Thursday, May 03, 2012

Book Review -- Underground Time

On Tuesday I posted the introduction to a book I had started and was loving. Well, I've finished it and please, let me warn you that you should not read it unless you are feeling so, so happy that you need something to make you feel miserable. As a matter of fact, you may feel guilty about being so happy and you immediately need to pick up this book to bring you down so strangers can stand to be around you again. Otherwise, skip the pretty language and the hopeful blurb on the back.
I know. What was I thinking? It's French. Even their comedies are depressing. But the book jacket said Mathilde and Thibault were two lonely people in Paris. And we get to see that loneliness, that misery building block by block. Have things taken a turn for Mathilde? No. Back down again. Maybe Thibault will meet her in the subway. No, they missed each other. The psychic promised her life would change on the day the entire book takes place. But the blurb on the book jacket left the reader hopeful when it said, "a lonesome city... But what if these two could save each other?"
It does say "what if..." which apparently in France means, they can't and they won't. So if you got your hopes up like I did, well, perhaps you skipped the part about it being French.
Most of the book has a great languid quality about it. Yet, it made me anxious. Nothing much happens except lots of angst from both characters.
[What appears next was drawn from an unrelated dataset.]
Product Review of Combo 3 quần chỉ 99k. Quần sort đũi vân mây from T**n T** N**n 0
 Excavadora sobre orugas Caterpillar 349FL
And (SPOILER ALERT) in the end, they do see each other on the subway, look at each other, and when he looks up again, she has exited. He exits at the next stop and the book ends.
I kept reading because I thought something in their lives might actually get better. Who wants the characters to walk away miserable? Apparently, the French do.
So if you're incredibly happy, read this book. Or, if you're already feeling miserable and you want to feel like you have company, read this book.

2 comments:

Lucia said...

those are they kind of books that make me whip it across the subway car! lol...where I do most of my reading!

Paulita said...

Lucia, This book would be perfect for you then because so much of it takes place in the Metro or in the RER in Paris. I can hear the "bum-ba-dum" chimes before the woman's voice announcing the next train.